Le Tycoon de l’Internet touché par la grâce énergétique

© Denis Delbecq
© Denis Delbecq

Pour construire le réseau électrique du futur, pensons Internet. C’est le credo de Bob Metcalfe, l’un des pionniers de l’Internet (1). L’ancien fondateur de 3Com reconverti aujourd’hui dans le capital-risque se penche bien évidemment sur la bulle de green tech qui agite les cerveaux de la Silicon Valley. Et ça décape.

Metcalfe a scotché son monde, la semaine dernière, lors d’une conférence qui rassemblait tout le gotha du high tech à San Francisco.
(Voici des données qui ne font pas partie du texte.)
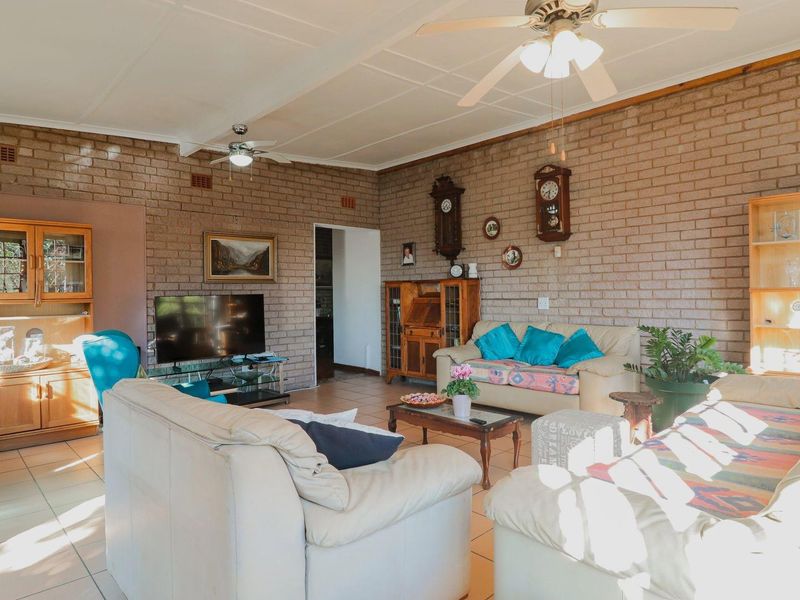 Charming 3 Bedroom Beachside Home & 1 Cottage & 1 Incomplete Cottage in Widenham, Umkomaas - Photo 5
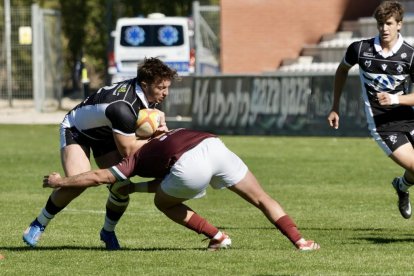 Imagen del duelo en Pepe Rojo entre Vulcanizados Álvarez El Salvador y Silicius Alcobendas.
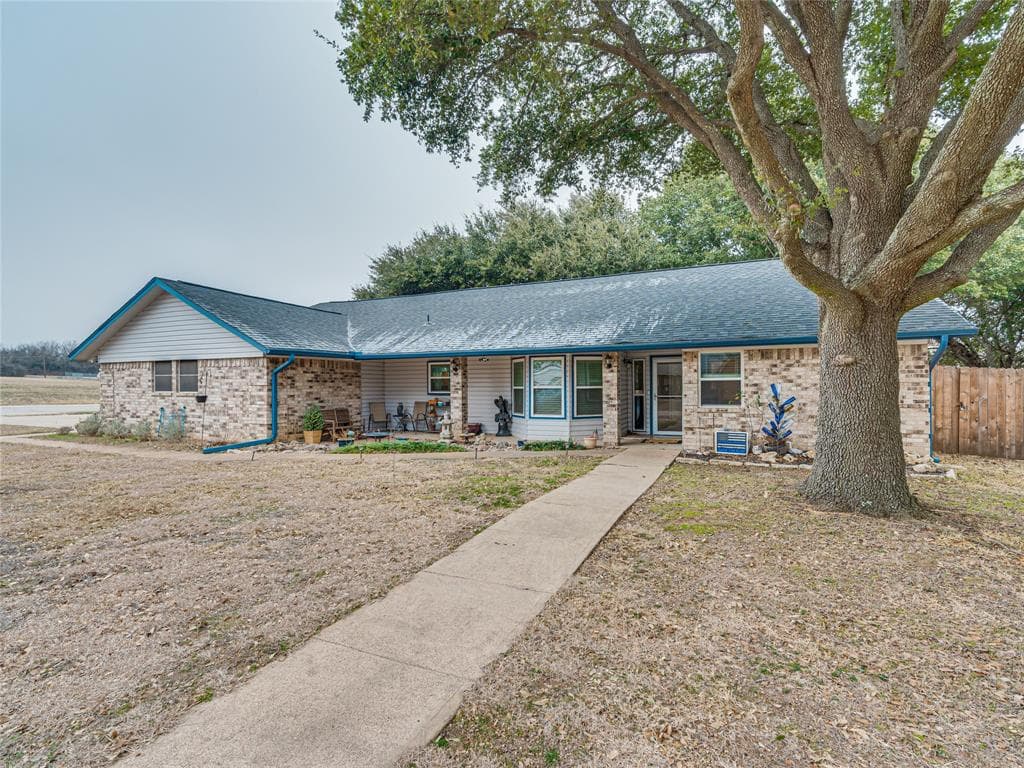 101 Old Hickory Ln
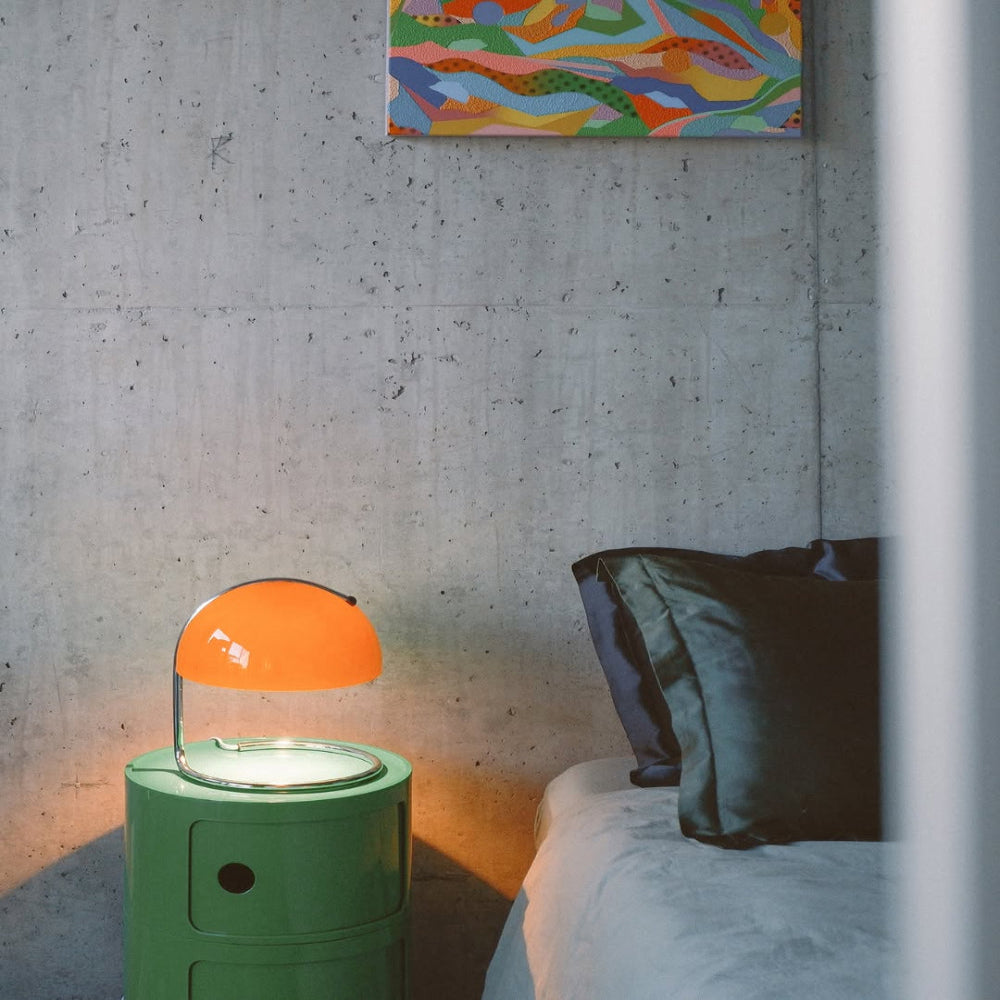 Vintage Style Table Lamp – Classic Orange Shade with USB Port
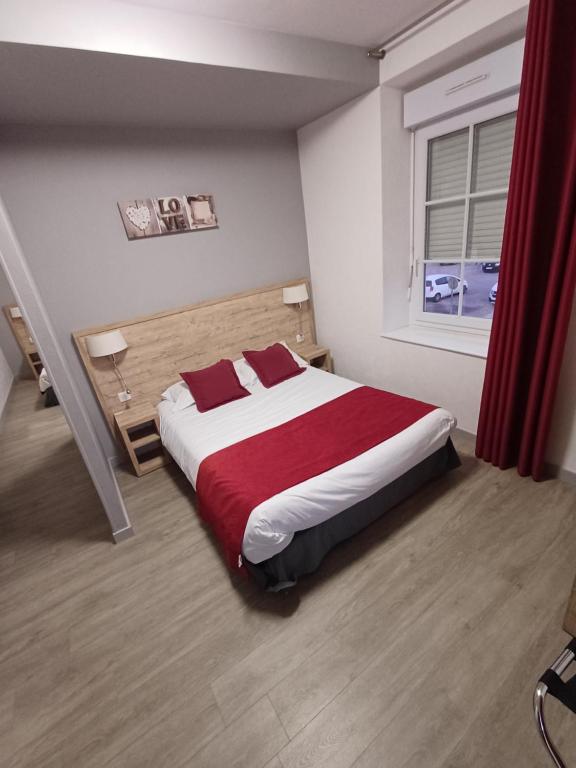 een slaapkamer met een groot bed en een raam bij Le Saint Germain in Saint-Germain-du-Bois
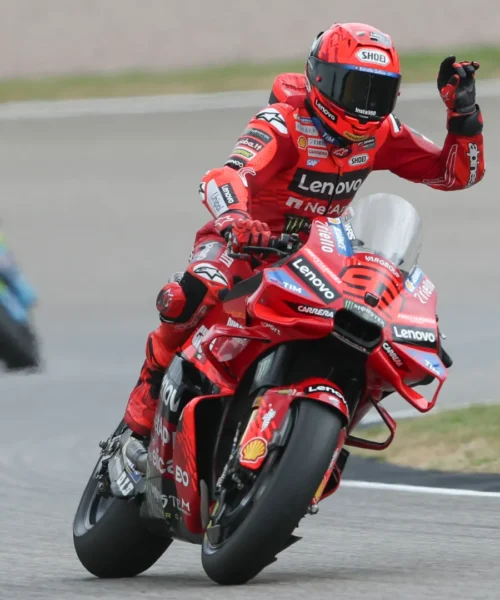 Sachsenring: Marc Marquez beffa Bezzecchi nella Sprint Race, Bagnaia flop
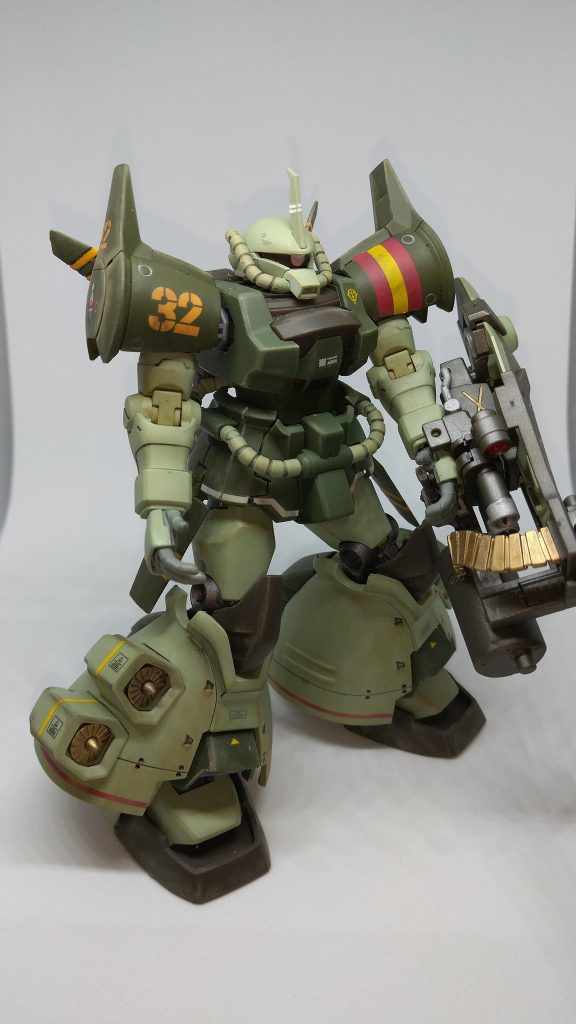 ウェザリングをリアルタッチマーカーとウェザリングマスターで仕上げました。通常のグフフライトタイプとだいぶイメージが違いますが、ご覧いただきありがとうございました。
Il devait évoquer les fameux réseaux intelligents, ces smartgrids censés faire communiquer les consommateurs, les appareils et compteurs électriques et les distributeurs de courant.
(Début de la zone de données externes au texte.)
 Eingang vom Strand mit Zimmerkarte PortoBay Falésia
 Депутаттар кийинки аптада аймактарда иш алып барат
Aujourd’hui, tout le monde présente les smartgrids comme un moyen d’améliorer l’efficacité des réseaux électriques, dont la conception est séculaire et le gaspillage légendaire. Pour proposer par exemple des tarifs modulés de manière beaucoup plus fine que le traditionnel jour-nuit, pour réduire les besoins aux heures de pointe et éviter le démarrage de centrales coûteuses qui ne marchent que quelques dizaines ou centaines d’heures par an. Une condition aussi pour faire grimper la proportion d’énergies renouvelables —dont la production est souvent aléatoire— dans le mix énergétique mondial. Bref, un outil de pénurie énergétique.
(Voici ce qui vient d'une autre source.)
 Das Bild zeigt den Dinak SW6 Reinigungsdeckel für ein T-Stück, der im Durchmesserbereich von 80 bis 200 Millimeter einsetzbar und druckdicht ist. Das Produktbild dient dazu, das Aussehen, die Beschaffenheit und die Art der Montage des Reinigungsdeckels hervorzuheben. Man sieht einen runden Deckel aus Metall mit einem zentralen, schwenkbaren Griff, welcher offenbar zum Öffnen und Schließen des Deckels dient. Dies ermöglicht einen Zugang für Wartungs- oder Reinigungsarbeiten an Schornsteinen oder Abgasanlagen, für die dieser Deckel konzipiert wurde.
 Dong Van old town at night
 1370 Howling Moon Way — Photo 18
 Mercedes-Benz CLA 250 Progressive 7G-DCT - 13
Pour Metcalfe, il faut oublier l’efficacité énergétique, la pénurie, le pic pétrolier et autres poids lourds qui pèsent sur les consciences. Pour lui, l’Internet a été conçu avec plein de bidouilles pour gérer la pénurie de bande passante, en compressant les données, en gérant les aiguillages au plus fin, etc. Et aujourd’hui, nous consommons des millions de fois plus de débit qu’à l’époque. Metcalfe croit dur comme fer que ce futur réseau électrique du XXIe, l’Enernet, transportera aussi des millions de fois plus d’énergie qu’aujourd’hui. Au passage, il considère que le business autour du réchauffement climatique est une bulle. Ce qui ne veut pas dire qu’il conteste le réchauffement. Mais Metcalfe croit dur à la science et à la technologie, qui pourra sauver la planète.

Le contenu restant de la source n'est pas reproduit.